The metric to use to evaluate split locations. Possible values are
  • 0 -> PinchRatio,
  • 1 -> RelRatio,
  • 2 -> CrossRatio, and
  • 3 -> NCut.

Default is 0 for pinch ratio. NCut refers to normalized cut and is well tested. The RelRatio and CrossRatio are experimental and are not well tested.

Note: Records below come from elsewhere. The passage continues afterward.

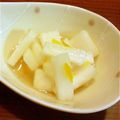 みーちゃんＭ's cooksnap of when they made おせちにゆず大根♬.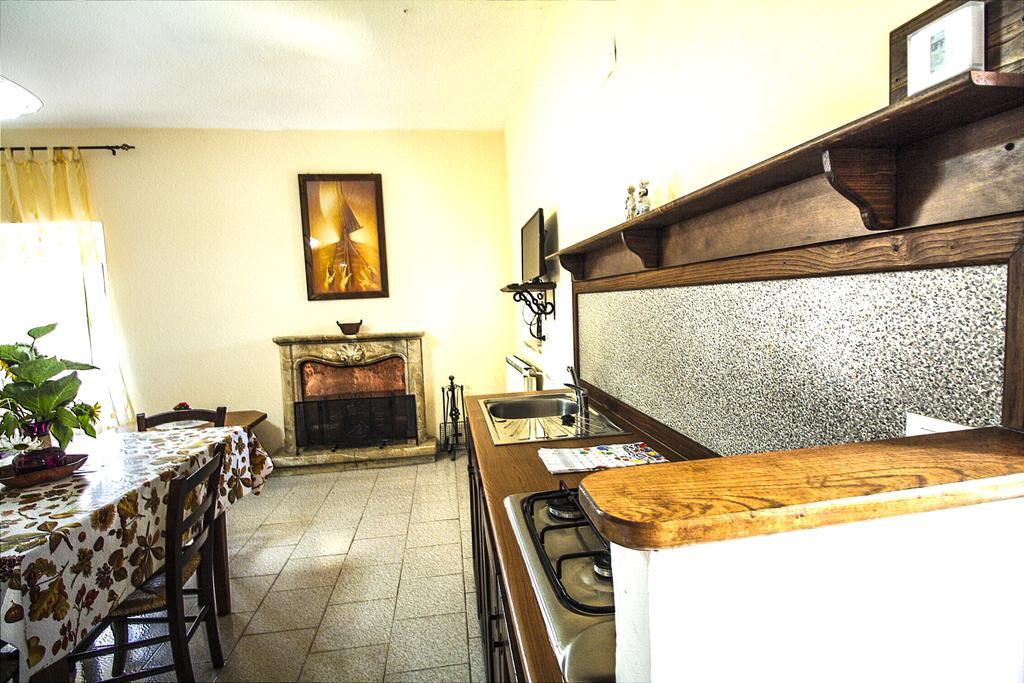Casa Vacanze Antico Poggio Poggio San Giovanni Dış mekan fotoğraf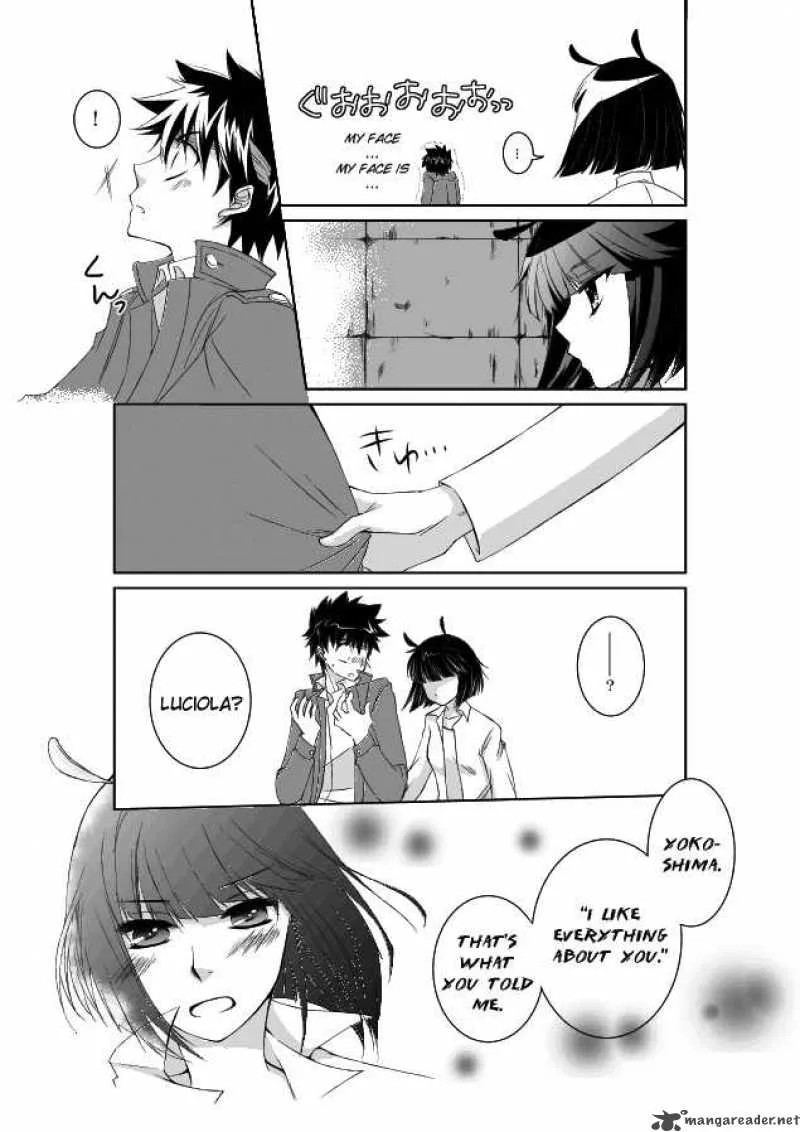 Ghost Sweeper Mikami Chapter 344 page 23
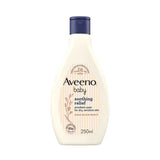 AVEENO® Baby Soothing Relief Emollient Wash, 250ml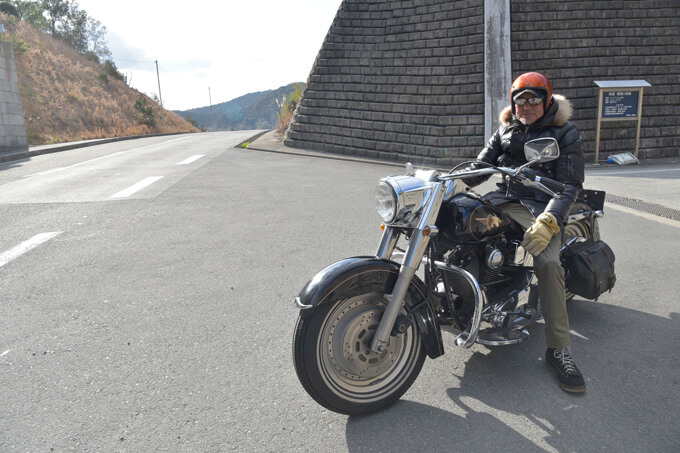 ライダーインタビュー【モーターサイクル・ザン・パラダイス Vol.32】森下 哲男さん画像04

--policyRefineTILO boolean
 Flag to control if the boundary is complete reduced or if TILO stops as soon as the local max and mins are set. Typically used when conducting multiple runs on random initial orders and the best run is selected by the best total width. Default is false.
--policyEvalAllMetrics boolean
 Flag to control the evaluation of cluster metrics. Typically, only the metric that is being used to find split locations is evaluated. If this option is true then all of the metrics are evaluated and returned. The split locations are still determined by policyPRCMetric option. Default is false.
--policyReturnMetrics boolean
 Flag to control is the metric values are all split locations are returned in an array. This extra information will be stored in the boundary and order output file. Default is false.
--knnAdjMode int
 
The type of K nearest neighbor similarity to use for point data.
  • 0 -> KNN_EITHER_ADJ_ONE, a value of 1.0 if either point is in the KNN of each other.
  • 1 -> KNN_BOTH_ADJ_ONE, a value of 1.0 only if both points are in the KNN of each other.
  • 2 -> KNN_BOTH_EITHER_ONE_ONEHALF, a value of 1.0 only of both points are in the KNN of each other, a value of 1/2 if one point is in the KNN of the other point.
  • 3 -> KNN_EITHER_ADJ_GAUSS, if either point is in the KNN of the other then the value of Gaussian similarity of the two points is used.

The default is 3.

--knnAdjK int Number of nearest neighbors to use for KNN similarity mode. Use a value of -1 for the heuristic value of log(n)+1, where n is the number of data points. Default is -1.
--knnAdjSigma double
 The value of sigma in knn's Gaussian similarity (i.e., mode 3 of knnAdjMode). Use -1 to estimate from average knn distance. Default is -1.
--gausssimAdjMode int
 
The type of Gaussian similarity to use for point data.
  • 0 -> GS_ADJ_THRESHOLD, any Gaussian similarity values less than the threshold are set to zero.
  • 1 -> GS_ADJ_ALL, the value of the similarity is the Gaussian similarity of the two points. With points a and b, then the similarity is exp(-1.0 (a-b)^T (a-b) /( sigma^2)).

The default is 1.

--gausssimAdjSigma double
 The value of sigma in the Gaussian similarity. Use -1 for heuristic to calculate from average knn distance. Default is -1.
--gausssimAdjThreshold double
 With gausssimAdjMode of 0, values less than this threshold are set to zero. Default is 1e-10.
--commentDelimiter string
 The charactoer representing the start of a comment in a data file. Comments are ignored. Default is #
--tagLoc integer
 
Location of class labels in a data file.
  • 0 -> no class tags,
  • 1 -> front location. Class label is first value in the line of data.
  • -1 -> tail location. Class label is last value in the line of data.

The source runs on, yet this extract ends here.